Up close, Cairhien carried out what it had promised from afar. The highest of the hills lay inside the walls, but terraced and faced with stone till they no longer seemed hills at all. Broad, crowded streets met at right angles. In this city, even the alleys made a grid. The streets rose and fell reluctantly with the hills, often simply cutting through. From shops to palaces, the buildings were all stark squares and severe rectangles, even the great buttressed towers, each wrapped in scaffolding on a hilltop, the
once-fabled topless towers of Cairhien, still being rebuilt after burning in the Aiel War. The city seemed harder than stone, a bruising place, and shadows stretching across everything heightened the effect. Loial’s tufted ears twitched almost without stopping; a worried frown creased his forehead, and his dangling eyebrows brushed his cheek.

There were few signs of Coronation Festival, or High Chasaline. Perrin had no notion what the Festival might entail, but in the Two Rivers, the Day of Reflection was a time of merriment and forgetting the bleakness of winter. Here, a near hush hung in the air, despite the number of people. Anywhere else, Perrin might have thought it the unnatural heat dragging people’s spirits down, but except for Foregaters, Cairhienin were a sober, austere lot. On the surface, at least; what lay underneath, he would as soon not think about. The hawkers and cart-peddlers he remembered were gone from the streets, the musicians and tumblers and puppet shows. Those people would be in the ragtag camp outside the walls. A few closed, dark-painted sedan chairs threaded through the quiet throngs, some with House banners a little larger than
con
standing stiffly above. They moved as slowly as the ox-carts with goad-wielding drivers walking alongside, axles squealing in the stillness. Outlanders stood out, no matter how little color they wore, because few except outlanders rode.

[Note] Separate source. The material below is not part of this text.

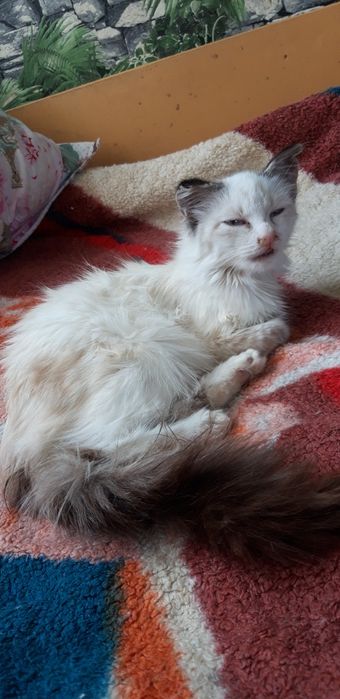 Отдам котят в добрые руки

The almost inevitably shorter natives looked like pale-faced crows in their dark garb. Aiel stood out too, of course. Whether one alone or ten together, they walked in clearings through the crowds; eyes darted away and space just opened up around them wherever they went.

Aiel faces turned toward the party as it made its slow way through the crowds. Even if not all recognized Rand in his green coat, they knew who a tall wetlander escorted by Maidens must be. Those faces sent a chill down Perrin’s spine: considering. They made him thankful Rand had left all of the Aes Sedai behind. Aside from the Aiel, the Dragon Reborn moved through a river of unconcern that parted for the Maidens and closed in again behind the Asha’man.

The Royal Palace of Cairhien, the Sun Palace, the Palace of the Rising Sun in Splendor—Cairhienin were great ones for names, each more extravagant than the last—stood atop the highest hill in the city, a dark mass of square stone with stepped towers looming over everything. The street, the Way of the Crown, became a long broad ramp rising toward the palace, and Perrin drew a deep breath as they started up. Faile was up there. She had to be, and safe. Whatever else, she had to be safe. He touched the knot holding Swallow’s reins to a ring on his pommel, stroked the axe at his
waist. The horses’ shod hooves rang loudly on the paving stones. The Maidens made no sound at all.

The guards on the great, open bronze gates watched their slow approach and exchanged glances. They were colorful for Cairhienin soldiers, ten men with the Rising Sun in gold on their dark breastplates and scarves in House Saighan’s colors tied below the heads of their halberds. Perrin could have written out their thoughts. Thirteen men on horseback, but in no hurry, and only two wearing armor, one in Mayener red. Any trouble would come from Caraline Damodred and Toram Riatin, and Mayeners had no place in that. And there was a woman, and an Ogier. Surely they intended no trouble. Still, three dozen or so Maidens trotting ahead of the horses hardly looked as though they were coming for tea. For an instant all hung balanced. Then a Maiden veiled herself. The guards jerked as if goosed, and one slanted his halberd and darted for the gates. Two steps he took, and stopped, rigid as a statue. Every guard stood stiff; nothing moved but their heads.

“Good,” Rand murmured. “Now tie off the flows and leave them for later.”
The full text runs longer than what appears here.